**PROBLEM REQUIREMENTS:**
Would you mind restating all of the records word for word, skipping the pictures?
(MATERIAL FOR THE TASK)
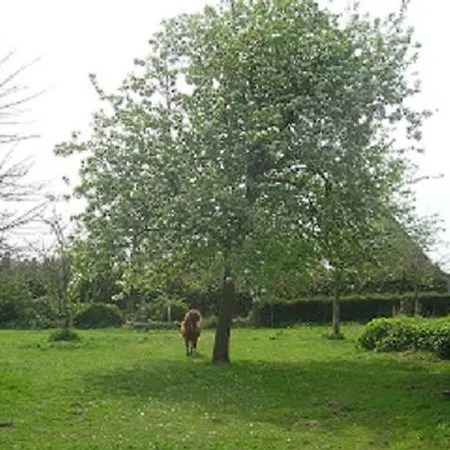 9 La Beauficerie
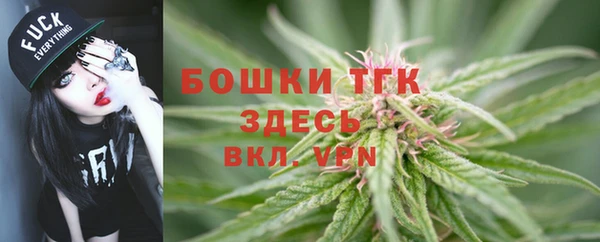 дмт Нязепетровск
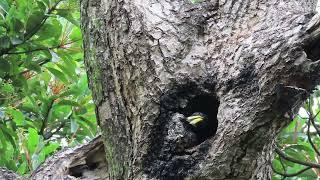 Great Barbets Nesting in Hong Kong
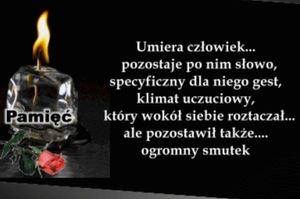 Obrazek wybrany przez użytkownika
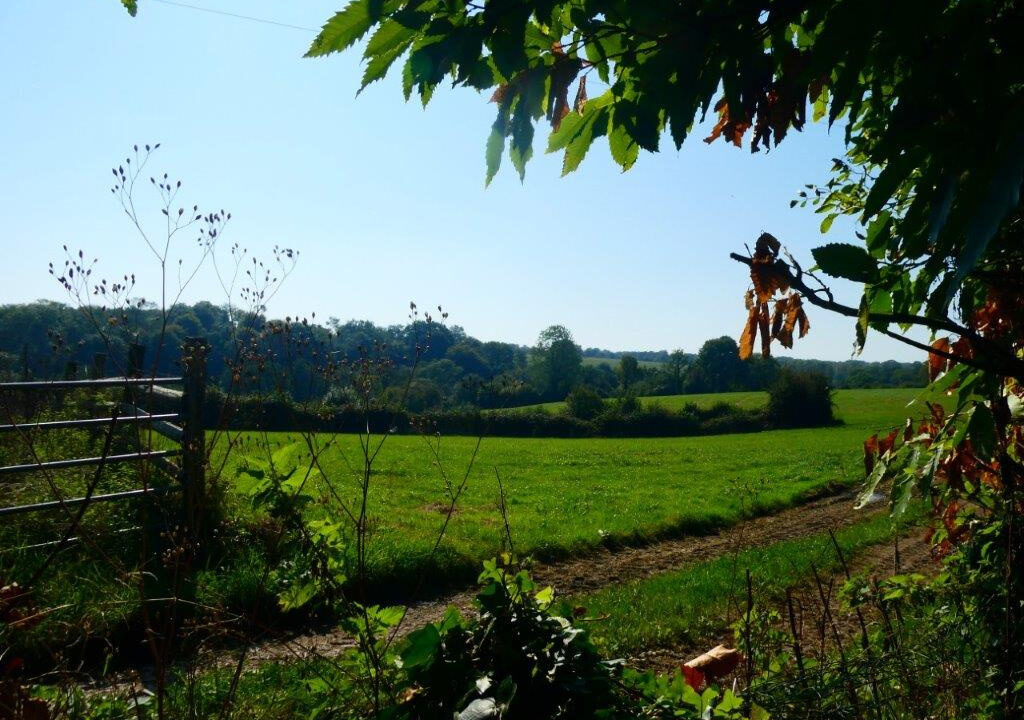 MAISON VENTE PONT L EVEQUE 14130 - SURFACE 130M2 - REF 4801 Photo 2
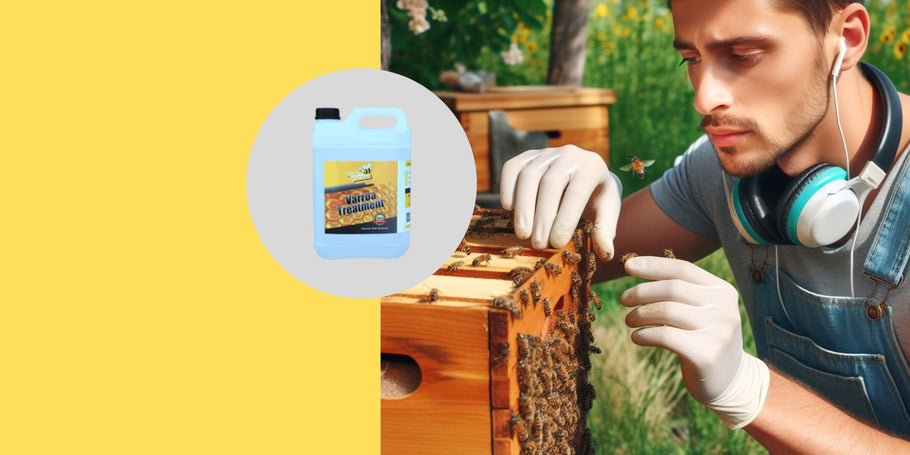 Varroa : comment les apiculteurs professionnels gèrent-ils ce parasite ?
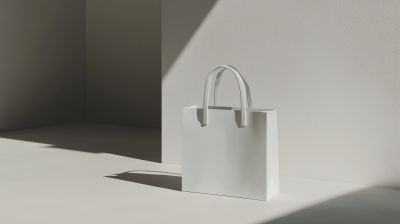 Minimalist Paper Bag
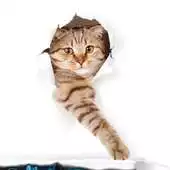 Free play online Cute Cat Sounds APK
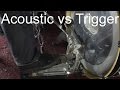 Double bass acoustic vs trigger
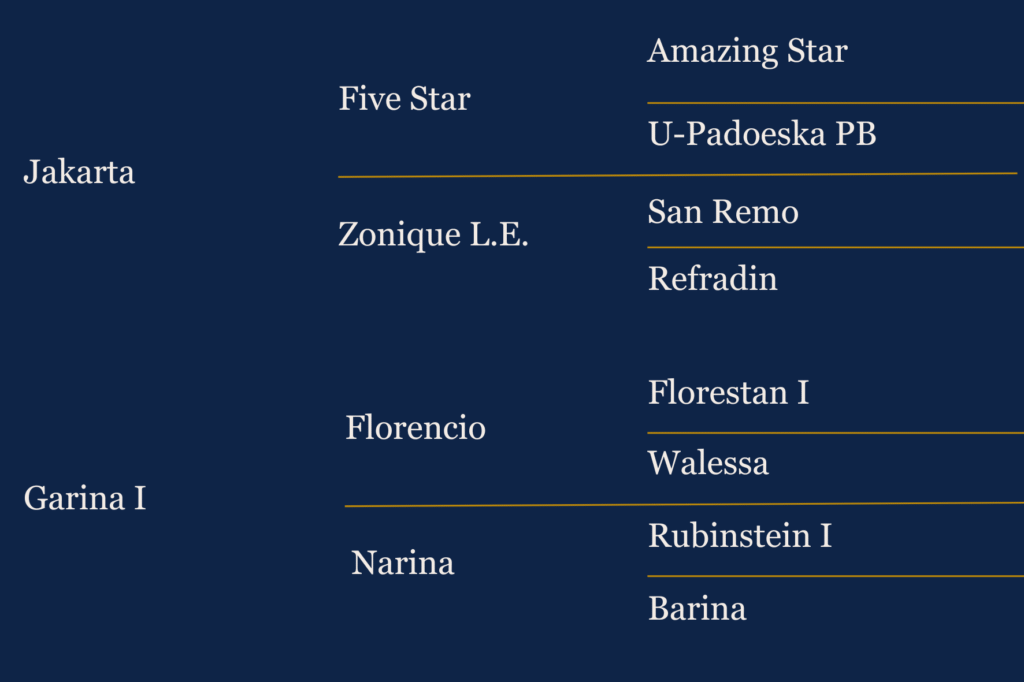 Généalogie de Néméarina, jument de dressage à vendre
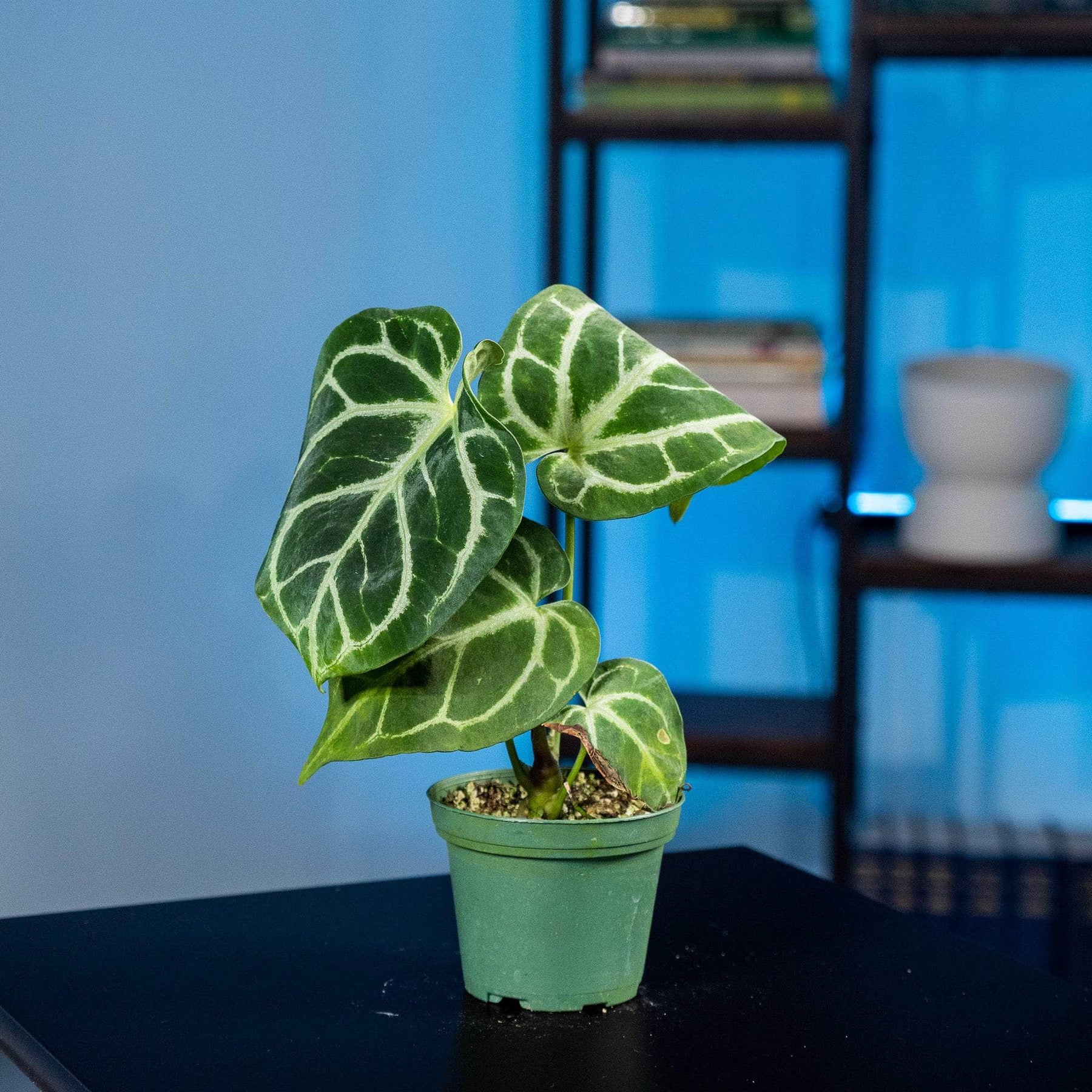 anthurium clarinervium x magnificum Anthurium (crystallinum x magnificum) x (crystallinum x magnificum)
(End MATERIAL FOR THE TASK)
**TASK SOLUTION:**
 9 La Beauficerie
 дмт Нязепетровск
 Great Barbets Nesting in Hong Kong
 Obrazek wybrany przez użytkownika
 MAISON VENTE PONT L EVEQUE 14130 - SURFACE 130M2 - REF 4801 Photo 2
 Varroa : comment les apiculteurs professionnels gèrent-ils ce parasite ?
 Minimalist Paper Bag
 Free play online Cute Cat Sounds APK
 Double bass acoustic vs trigger
 Généalogie de Néméarina, jument de dressage à vendre
 anthurium clarinervium x magnificum Anthurium (crystallinum x magnificum) x (crystallinum x magnificum)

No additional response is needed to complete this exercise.